Note(7)--Uniform Laws, empirical process theory and VC dimension

Posted by GwanSiu on April 8, 2018

1. Uniform Convergence and Empirical Risk Minimization

Empirical risk minimization is core topic in machine learning. Let’s take a binary classification as example.

Given a training set ${(X_{1},y_{1}),…,(X_{n},y_{n})}$ that we assume are drwawn i.i.d from the distribution $P$. Each $X_{i}\in\mathcal{R}^{d}, y_{i}\in {-1, +1}$. Our goal is to find a classifier $f:\mathcal{R}^{d}\rightarrow{-1, +1}$ to minmize the error on future unseen sample: $\min\,\mathcal{P}(f(X)\neq y)$.

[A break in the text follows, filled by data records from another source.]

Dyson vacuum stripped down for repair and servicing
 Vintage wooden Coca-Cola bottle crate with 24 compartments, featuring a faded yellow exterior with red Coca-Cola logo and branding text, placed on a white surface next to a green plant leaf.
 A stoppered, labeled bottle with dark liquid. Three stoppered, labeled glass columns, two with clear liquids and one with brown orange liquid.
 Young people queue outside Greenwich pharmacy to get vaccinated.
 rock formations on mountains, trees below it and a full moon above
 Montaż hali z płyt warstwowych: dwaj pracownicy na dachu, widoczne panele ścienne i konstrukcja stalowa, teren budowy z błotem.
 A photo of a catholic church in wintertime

For a given classfier $f$ we can estimate its mis-classification error(training error in machine learning) as:

\[\begin{equation} \tilde{R}_{n}(f)=\frac{1}{n}\sum_{i=1}^{n}\mathcal{I}(f(X_{i}\neq y_{i}) \end{equation}\]

If $f$ is some fixed classifier we know by Hoeffding’s bound that:

\[\begin{equation} \mathcal{P}{\vert \tilde{R}_{n}(f)-\mathcal{P}(f(X)\neq y)\vert \leq t}\geq 2\,\text{exp}(-2nt^{2}) \end{equation}\]

Intuitively, we should a select a better classfier from soem set of classifier $\mathcal{F}$, then a natural way is to find the best classifier on trainging set:

\[\begin{equation} \tilde{f}=\arg\min_{f\in \mathcal{F}}\tilde{R}_{n}(f) \end{equation}\]

This procedure is known as empirical risk minimization. This terminology is to answer a question: How do we argue that in some cases this procedure will indeed select a good classifier? This question is highly related to uniform convergence.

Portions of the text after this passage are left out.